JUDGMENT : 1. The petitioner by way of this petition under Article 227 of the Constitution of India has approached this Court challenging the order dated 21/9/1990 passed by Respondent No.1 rejecting the revision application of the petitioner, holding that the sale of land in question made on 5/10/1983 was division of a block contrary to the provision of Prevention of Fragmentation & Consolidation of Holdings Act 1947 (herein after referred to as the ‘Fragmentation Act’ for the sake of brevity). 2. Facts in brief leading to filing this petition as could be culled out from memo of the petition deserve to be set out in order to appreciate the contentions raised on behalf of the parties. The petitioner happened to be an agriculturist at Village Mangrol, Taluka Nandod of Bharuch District. At the relevant time he held land bearing Survey No. 653 and 649. Petitioner purchased the land of block no. 652 which was an old survey no. 570/1 admeasuring 0.67.79 by registered sale dated 5/10/1983 from respondent nos. 3, 4 & 5, which as per the say of the petitioner was situated on east side of block no. 653 held by the petitioner. The land being contiguous to his own holding, there was apparently no violation of prevention of fragmentation. However on account of an aggrieved land owner of another contiguous block, petitioner was subjected proceedings under Fragmentation Act as the said owner had claimed that the land if at all was to be sold, then, it should have been sold to him as he had right of preemption. The proceedings were thus undertaken. The concerned authority i.e. Deputy Collector passed an order on 30/8/1985 declaring that the transaction of sale of land was resulting into fragmentation and therefore contrary to the provision of Fragmentation Act and hence summary eviction was ordered and effected. Said order was assailed by the petitioner in the revision application, wherein the revision authority after discussions concluded that finding of the fragmentation was not correct as the petitioner held contiguous land but land which was sold was forming part of block and result of consolidation and hence part thereof could not have been alienated in any manner as there was clear embargo in form of Section 31 of the Act.

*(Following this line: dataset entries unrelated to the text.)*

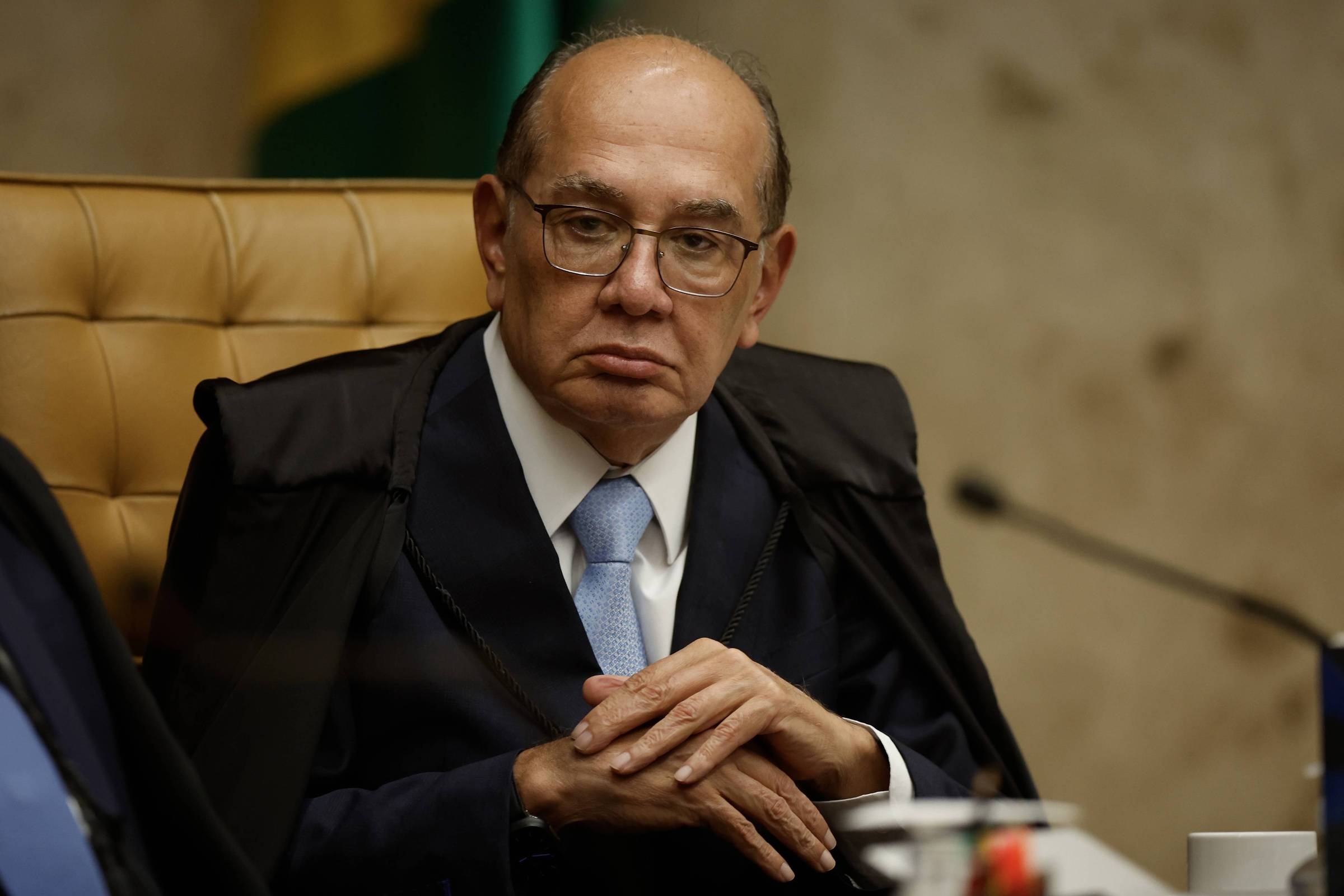 Percepções e Conexões: Mensagens Acendem Alerta sobre Relações no Judiciário e Mercado Financeiro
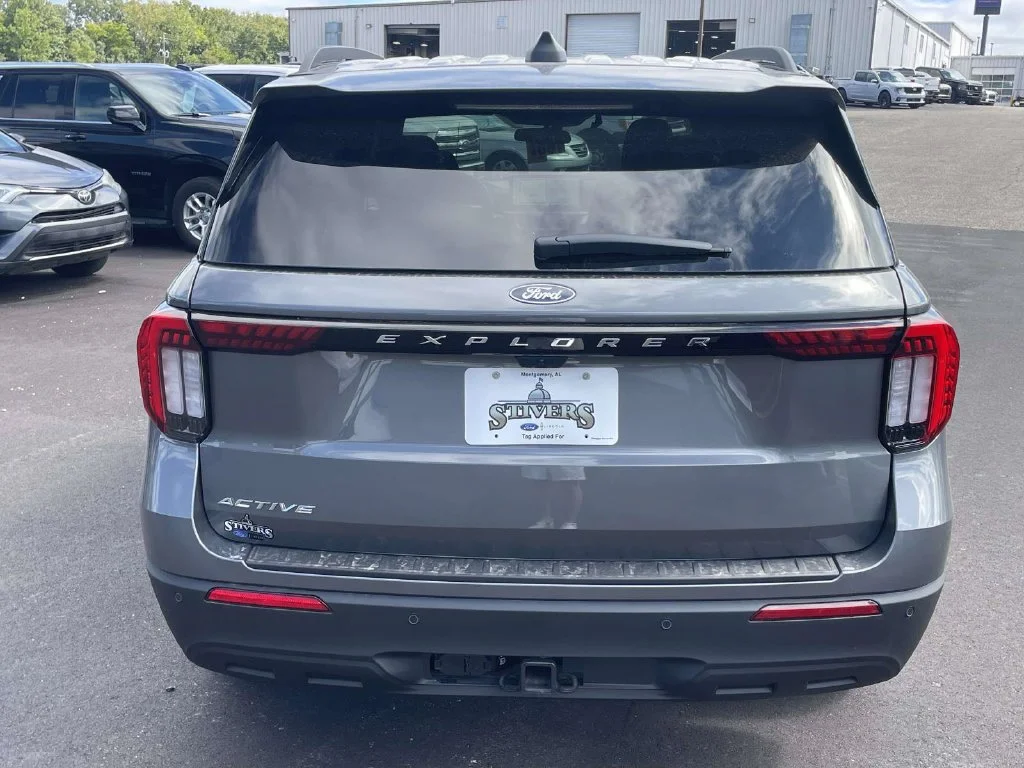 New 2027 Gray Ford Active image 4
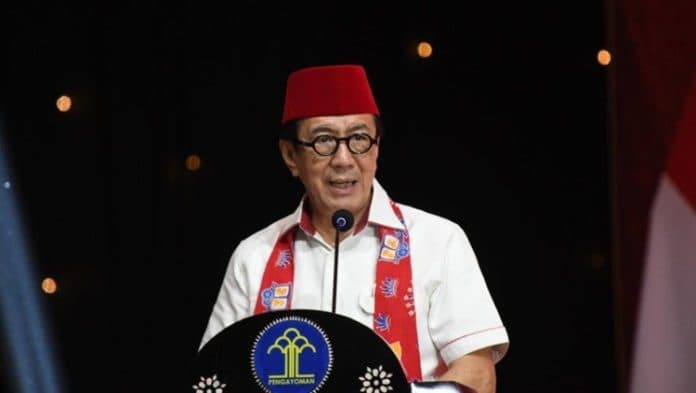 besok_3_menteri_jokowi_di_reshuffle_berikut_daftarnya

Hence, he while quashing the order of concerned Deputy Collector passed on 30/8/1985 directed him to issue notice to the petitioner under section 31 of the Act after giving him an opportunity to be heard qua section 31 of provision of the Act. This notice hearing culminated into passing of order on 11/4/1989 where under it was held that there was clear breach of provision of section 31 of the act and hence summary eviction was effected. This order of Dy. Collector, the authority under the provision of Prevention of Fragmentation Act was carried into revision application by the petitioner which was filed on 26/5/1981 which came to be dismissed by the authority vide its order dated 21/9/1990 which is subject matter of challenge in this petition filed under Article 227 of the Constitution of India. 3. Learned advocate appearing for the petitioner contended that initial proceedings in respect of breach of provision of Prevention of Fragmentation Act on account of petitioner’s not holding contiguous land could be said to have been culminated in favour of the petitioner inasmuch as the revision authority clearly held that the finding of the Dy. Collector qua petitioner’s land not being continuous was erroneous and hence the subsequent proceedings in the form of proceeding under section 31 of the Act were uncalled for, unwarranted and the authority did not have any power or jurisdiction to order the same. 4. Learned advocate appearing for the petitioner contended that the notice issued as a result of the order of the revisional authority calling upon the petitioner to explain and answer the breach of section 31 of the Act itself was delayed and belated notice cannot result into any adverse order so as to affect the petitioner’s right to hold the land as the Supreme Court has also time & again clearly observed that the unreasonable delay in initiation of proceedings in such matters are contrary to the provision of law. 5. Learned advocate in order to support aforesaid contention of unreasonable delay in initiating proceedings invited this Court’s attention to the decision of this Court rendered in case of Labhubhai Valjibhai Gajera v. Secretary (Appeals) Revenue Deptt., Gujarat State & Ors, reported in 2011 (1) G.L.R. 279 and also in case of Vithalbhai M. Patel & Ors. v. Deputy Collector, Kaira & Anr, reported in 2011 (1) G.L.R. 610 .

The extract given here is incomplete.